Of the records that follow, copy only the lines from the line containing "重慶第二交通技工學(xué)" to the line containing "Đại biểu tham dự diễn đàn. (Ảnh: CAO TÂN)", both included, exactly as written.

== Segment start ==

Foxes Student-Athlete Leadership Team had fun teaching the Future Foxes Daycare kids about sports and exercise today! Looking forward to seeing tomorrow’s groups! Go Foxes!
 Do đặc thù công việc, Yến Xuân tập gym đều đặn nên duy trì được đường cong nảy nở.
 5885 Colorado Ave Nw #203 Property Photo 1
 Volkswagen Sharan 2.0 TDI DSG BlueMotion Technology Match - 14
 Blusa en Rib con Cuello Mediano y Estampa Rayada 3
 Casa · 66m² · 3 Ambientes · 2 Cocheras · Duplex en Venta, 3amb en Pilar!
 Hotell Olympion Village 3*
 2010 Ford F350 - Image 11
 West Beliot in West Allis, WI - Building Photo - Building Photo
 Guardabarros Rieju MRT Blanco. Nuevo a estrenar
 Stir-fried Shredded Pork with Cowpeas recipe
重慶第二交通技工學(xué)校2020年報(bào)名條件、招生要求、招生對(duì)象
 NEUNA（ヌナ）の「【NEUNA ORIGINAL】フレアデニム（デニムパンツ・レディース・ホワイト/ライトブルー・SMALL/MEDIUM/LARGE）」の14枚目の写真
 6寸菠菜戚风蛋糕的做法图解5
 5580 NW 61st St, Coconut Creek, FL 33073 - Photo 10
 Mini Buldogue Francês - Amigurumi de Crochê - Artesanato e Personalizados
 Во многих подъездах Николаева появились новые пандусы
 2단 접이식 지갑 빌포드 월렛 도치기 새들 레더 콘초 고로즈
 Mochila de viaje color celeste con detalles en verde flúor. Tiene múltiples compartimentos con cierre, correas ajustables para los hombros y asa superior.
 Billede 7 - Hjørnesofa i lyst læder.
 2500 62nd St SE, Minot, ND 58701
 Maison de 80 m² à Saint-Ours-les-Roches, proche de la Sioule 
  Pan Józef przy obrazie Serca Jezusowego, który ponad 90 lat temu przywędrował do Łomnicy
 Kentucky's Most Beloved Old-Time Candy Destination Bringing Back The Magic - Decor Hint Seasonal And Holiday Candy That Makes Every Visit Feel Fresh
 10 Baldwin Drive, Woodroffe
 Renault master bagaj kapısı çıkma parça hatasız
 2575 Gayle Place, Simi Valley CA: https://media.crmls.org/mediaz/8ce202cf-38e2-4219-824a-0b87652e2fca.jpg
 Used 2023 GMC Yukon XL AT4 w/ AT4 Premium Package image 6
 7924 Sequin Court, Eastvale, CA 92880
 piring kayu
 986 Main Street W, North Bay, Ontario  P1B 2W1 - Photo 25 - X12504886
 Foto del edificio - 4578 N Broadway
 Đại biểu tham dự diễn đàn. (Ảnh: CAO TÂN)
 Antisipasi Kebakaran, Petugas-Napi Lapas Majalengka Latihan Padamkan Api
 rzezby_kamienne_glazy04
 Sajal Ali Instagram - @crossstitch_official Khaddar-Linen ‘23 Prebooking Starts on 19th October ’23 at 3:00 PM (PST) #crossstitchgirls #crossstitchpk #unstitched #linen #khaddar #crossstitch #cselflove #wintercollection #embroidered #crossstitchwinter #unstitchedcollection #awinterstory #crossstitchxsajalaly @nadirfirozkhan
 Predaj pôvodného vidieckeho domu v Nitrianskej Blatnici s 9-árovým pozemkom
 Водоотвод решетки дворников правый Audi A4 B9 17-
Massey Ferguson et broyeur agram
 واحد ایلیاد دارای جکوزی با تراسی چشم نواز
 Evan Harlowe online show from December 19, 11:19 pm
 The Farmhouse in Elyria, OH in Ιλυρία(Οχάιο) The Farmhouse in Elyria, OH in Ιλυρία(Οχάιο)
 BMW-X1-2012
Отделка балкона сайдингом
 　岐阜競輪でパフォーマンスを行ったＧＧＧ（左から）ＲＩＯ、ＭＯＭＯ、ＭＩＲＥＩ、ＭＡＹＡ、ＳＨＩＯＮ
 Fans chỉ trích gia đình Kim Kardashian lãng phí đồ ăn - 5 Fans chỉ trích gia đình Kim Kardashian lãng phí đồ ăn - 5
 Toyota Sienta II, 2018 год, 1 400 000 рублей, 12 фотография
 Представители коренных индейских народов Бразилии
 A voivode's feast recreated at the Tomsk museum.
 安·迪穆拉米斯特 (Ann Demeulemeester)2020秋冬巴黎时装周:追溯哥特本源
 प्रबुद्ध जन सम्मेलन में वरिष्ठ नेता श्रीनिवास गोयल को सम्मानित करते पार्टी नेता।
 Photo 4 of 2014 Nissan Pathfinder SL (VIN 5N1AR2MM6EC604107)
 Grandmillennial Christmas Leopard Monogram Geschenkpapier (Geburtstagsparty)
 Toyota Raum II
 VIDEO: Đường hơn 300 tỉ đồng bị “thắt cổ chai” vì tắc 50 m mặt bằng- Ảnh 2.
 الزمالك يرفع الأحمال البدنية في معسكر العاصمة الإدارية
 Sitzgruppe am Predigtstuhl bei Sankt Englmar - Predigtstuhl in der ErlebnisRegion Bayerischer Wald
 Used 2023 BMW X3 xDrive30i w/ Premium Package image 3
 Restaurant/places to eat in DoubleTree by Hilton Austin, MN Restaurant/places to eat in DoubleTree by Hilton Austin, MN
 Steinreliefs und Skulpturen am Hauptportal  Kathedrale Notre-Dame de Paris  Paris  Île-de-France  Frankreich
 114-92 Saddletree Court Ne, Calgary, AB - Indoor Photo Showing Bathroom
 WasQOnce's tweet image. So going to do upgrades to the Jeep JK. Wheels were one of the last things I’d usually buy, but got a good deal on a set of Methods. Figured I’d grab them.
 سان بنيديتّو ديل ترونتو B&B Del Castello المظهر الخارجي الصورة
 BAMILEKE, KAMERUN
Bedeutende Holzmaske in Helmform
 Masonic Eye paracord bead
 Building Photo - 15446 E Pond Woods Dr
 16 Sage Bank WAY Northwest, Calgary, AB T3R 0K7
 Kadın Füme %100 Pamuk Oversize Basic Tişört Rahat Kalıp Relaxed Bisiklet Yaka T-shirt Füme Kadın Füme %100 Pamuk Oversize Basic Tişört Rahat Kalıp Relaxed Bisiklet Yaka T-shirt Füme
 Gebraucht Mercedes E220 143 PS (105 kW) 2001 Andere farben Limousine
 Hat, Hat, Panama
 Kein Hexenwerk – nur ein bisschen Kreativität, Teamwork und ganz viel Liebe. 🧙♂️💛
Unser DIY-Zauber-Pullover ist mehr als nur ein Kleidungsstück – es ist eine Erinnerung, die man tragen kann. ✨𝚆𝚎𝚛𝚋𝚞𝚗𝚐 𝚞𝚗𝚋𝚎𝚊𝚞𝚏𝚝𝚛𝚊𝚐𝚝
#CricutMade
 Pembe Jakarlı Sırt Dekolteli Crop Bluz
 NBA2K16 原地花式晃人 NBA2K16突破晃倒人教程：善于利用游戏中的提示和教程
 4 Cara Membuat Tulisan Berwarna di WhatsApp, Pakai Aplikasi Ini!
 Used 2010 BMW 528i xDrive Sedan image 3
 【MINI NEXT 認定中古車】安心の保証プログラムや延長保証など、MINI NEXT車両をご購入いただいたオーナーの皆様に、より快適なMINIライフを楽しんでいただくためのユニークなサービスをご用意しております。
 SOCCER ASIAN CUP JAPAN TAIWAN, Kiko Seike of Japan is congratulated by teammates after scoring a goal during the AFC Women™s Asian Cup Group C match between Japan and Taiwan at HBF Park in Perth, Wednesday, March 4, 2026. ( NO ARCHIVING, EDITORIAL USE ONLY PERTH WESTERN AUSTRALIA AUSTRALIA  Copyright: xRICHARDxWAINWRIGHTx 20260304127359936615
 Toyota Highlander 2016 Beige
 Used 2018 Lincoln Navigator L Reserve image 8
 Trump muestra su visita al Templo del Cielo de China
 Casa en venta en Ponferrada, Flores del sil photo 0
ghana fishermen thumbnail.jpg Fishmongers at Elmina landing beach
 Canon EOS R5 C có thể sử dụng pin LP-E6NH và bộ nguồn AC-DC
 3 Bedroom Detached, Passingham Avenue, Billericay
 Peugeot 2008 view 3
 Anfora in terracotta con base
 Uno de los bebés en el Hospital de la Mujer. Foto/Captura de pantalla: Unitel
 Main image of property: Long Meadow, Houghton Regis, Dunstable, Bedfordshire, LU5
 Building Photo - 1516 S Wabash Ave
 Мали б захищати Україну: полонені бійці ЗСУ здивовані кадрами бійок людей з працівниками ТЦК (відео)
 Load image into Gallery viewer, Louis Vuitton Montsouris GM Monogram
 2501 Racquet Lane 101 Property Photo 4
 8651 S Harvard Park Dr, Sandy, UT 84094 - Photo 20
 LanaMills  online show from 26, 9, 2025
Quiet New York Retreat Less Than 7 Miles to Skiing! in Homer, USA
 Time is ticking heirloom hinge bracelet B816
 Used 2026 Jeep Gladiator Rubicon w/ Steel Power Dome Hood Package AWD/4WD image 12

== Segment end ==

Result for this task:
重慶第二交通技工學(xué)校2020年報(bào)名條件、招生要求、招生對(duì)象
 NEUNA（ヌナ）の「【NEUNA ORIGINAL】フレアデニム（デニムパンツ・レディース・ホワイト/ライトブルー・SMALL/MEDIUM/LARGE）」の14枚目の写真
 6寸菠菜戚风蛋糕的做法图解5
 5580 NW 61st St, Coconut Creek, FL 33073 - Photo 10
 Mini Buldogue Francês - Amigurumi de Crochê - Artesanato e Personalizados
 Во многих подъездах Николаева появились новые пандусы
 2단 접이식 지갑 빌포드 월렛 도치기 새들 레더 콘초 고로즈
 Mochila de viaje color celeste con detalles en verde flúor. Tiene múltiples compartimentos con cierre, correas ajustables para los hombros y asa superior.
 Billede 7 - Hjørnesofa i lyst læder.
 2500 62nd St SE, Minot, ND 58701
 Maison de 80 m² à Saint-Ours-les-Roches, proche de la Sioule 
  Pan Józef przy obrazie Serca Jezusowego, który ponad 90 lat temu przywędrował do Łomnicy
 Kentucky's Most Beloved Old-Time Candy Destination Bringing Back The Magic - Decor Hint Seasonal And Holiday Candy That Makes Every Visit Feel Fresh
 10 Baldwin Drive, Woodroffe
 Renault master bagaj kapısı çıkma parça hatasız
 2575 Gayle Place, Simi Valley CA: https://media.crmls.org/mediaz/8ce202cf-38e2-4219-824a-0b87652e2fca.jpg
 Used 2023 GMC Yukon XL AT4 w/ AT4 Premium Package image 6
 7924 Sequin Court, Eastvale, CA 92880
 piring kayu
 986 Main Street W, North Bay, Ontario  P1B 2W1 - Photo 25 - X12504886
 Foto del edificio - 4578 N Broadway
 Đại biểu tham dự diễn đàn. (Ảnh: CAO TÂN)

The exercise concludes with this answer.